Another *chart* for proper clearance's


----------



## tjcruiser (Jan 10, 2010)

Just adding to Sean's info, above ...

In model RR, a 2% grade is common ... about 48" of horizontal "run" for every 1" of vertical rise.

That said, model RR real estate is a precious commodity, and people often don't have that much runway. 3% could be a choice to consider, and for strong engines and/or short loads (few cars in tow), 4% would be pretty aggressive.

TJ


----------



## manchesterjim (Dec 30, 2011)

tjcruiser said:


> Just adding to Sean's info, above ...
> 
> In model RR, a 2% grade is common ... about 48" of horizontal "run" for every 1" of vertical rise.
> 
> ...


I haven't done anything yet with elevations (but I'm building that into the new generation), however I think that a good 3% grade and running a consist of 2 locos or more would be a pretty realistic thing to see! 

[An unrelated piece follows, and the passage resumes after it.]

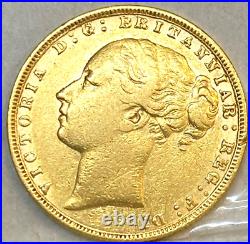 Great Britain Uk 1874 Gold Sovereign Excellent Coin In Uncirculated Condition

For the one I'm building.....I have double mains. On one end of the run, there will be an option to take the longer, elevated route. If I don't think a particular consist will handle it, I can chose the "low road"! 

Jim


----------



## zorba (Aug 6, 2012)

i think the engine i have (one of them) is pretty strong, and im not going to be pulling 10 - 15 cars like some of the vids ive seen here, maybe 5 - 7 at most. so i would say 3 - 3.5% should be ok?

even at 4% you need 2.25m of track to get to clearance height and another 2.25 track to get down. thats 4.5m of track total just for that part. 

hrm. i need to get the plan book off my old man and start working it as the book has the plan he wants to copy directly but i want to modify it to have an elevation and tunnel as described above.


----------



## tkruger (Jan 18, 2009)

Consider this to avoid an error that I did. The figures in that chart are for straight runs. If there are curves you will need a longer run to reach the height. Going around a curve reduces the tractive effort of your locomotive. This is because one of the wheels must slip due to the lack of a differential. This decreases the number of wheels actually pulling on the locomotive. 

I found this out the hard way by cork-screwing up a hill on my lay out with a 3.5% grade. Only my larges engines could pull the large trains on the mountain run. Since that discovery a bypass was added.


----------



## zorba (Aug 6, 2012)

i was thinking of halving the distance required byt having one track go up and the other go down.

will require some effort tho.


----------



## cv_acr (Oct 28, 2011)

As easier way to figure grade than using a chart or table is to use the simple formula for the slope of a line.

It's simply:

slope = rise / run

Multiply by 100 to make it a percentage.

If you know the grade (slope) and height (rise) required, just reverse the calculation to solve for distance (run).* Basic high school math from this point forward.

*(Caveat: you'll probably end up wanting to add a little bit to the distance to allow for the transition from grade to flat. If it's too abrupt, bad things like pilots bottoming out at the bottom of the grade or couplers separating at the top of the grade can occur. )


----------



## Carl (Feb 19, 2012)

As indicated up, the best advice one can offer is to use a 2% slope. It seems that when one goes beyond 2%, all kinds of funny things happen, some or total loss of traction, especially has the number of cars being pulled is increased.


----------